____ RECORD SET

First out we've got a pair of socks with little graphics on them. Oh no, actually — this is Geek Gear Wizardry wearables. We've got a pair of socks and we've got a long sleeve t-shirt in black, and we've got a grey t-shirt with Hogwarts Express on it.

________
____ RECORD SET

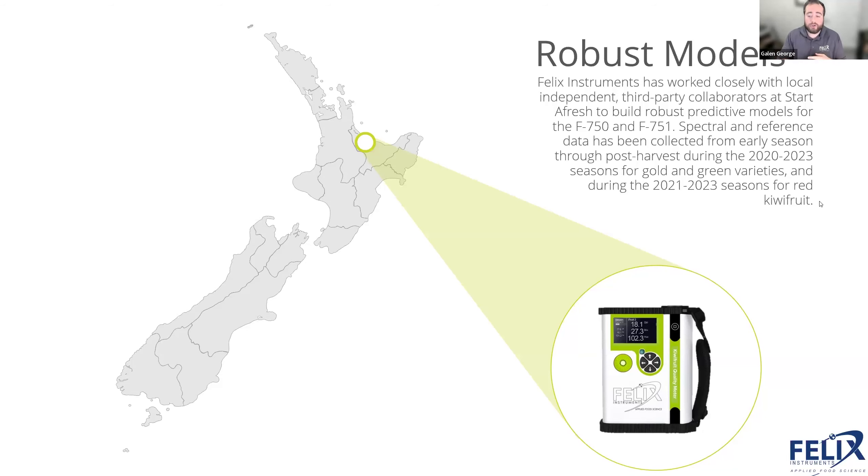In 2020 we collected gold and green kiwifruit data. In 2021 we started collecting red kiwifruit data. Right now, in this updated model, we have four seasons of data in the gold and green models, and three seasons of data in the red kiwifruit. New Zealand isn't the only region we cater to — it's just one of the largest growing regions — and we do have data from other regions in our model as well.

________
____ RECORD SET

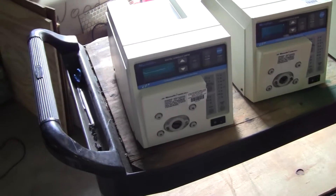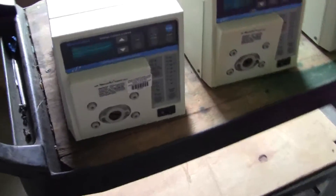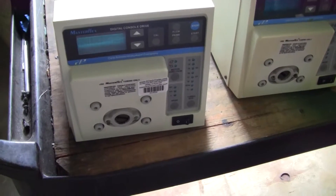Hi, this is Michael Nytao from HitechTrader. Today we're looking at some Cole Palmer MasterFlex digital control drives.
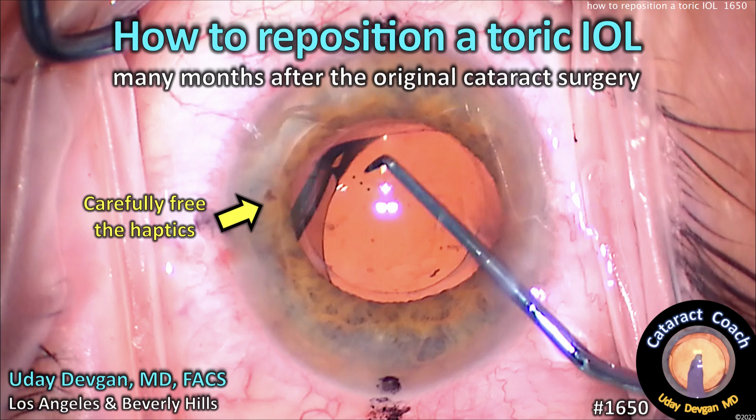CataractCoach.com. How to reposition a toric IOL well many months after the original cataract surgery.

________

**EXERCISE PROMPT**
Nothing but the lines above from the one that has "Hi, this is" down to the one that has "CataractCoach.com. How to" belongs in the answer, copied exactly, without pictures.

**ANSWER TO THE PROBLEM**
Hi, this is Michael Nytao from HitechTrader. Today we're looking at some Cole Palmer MasterFlex digital control drives.
CataractCoach.com. How to reposition a toric IOL well many months after the original cataract surgery.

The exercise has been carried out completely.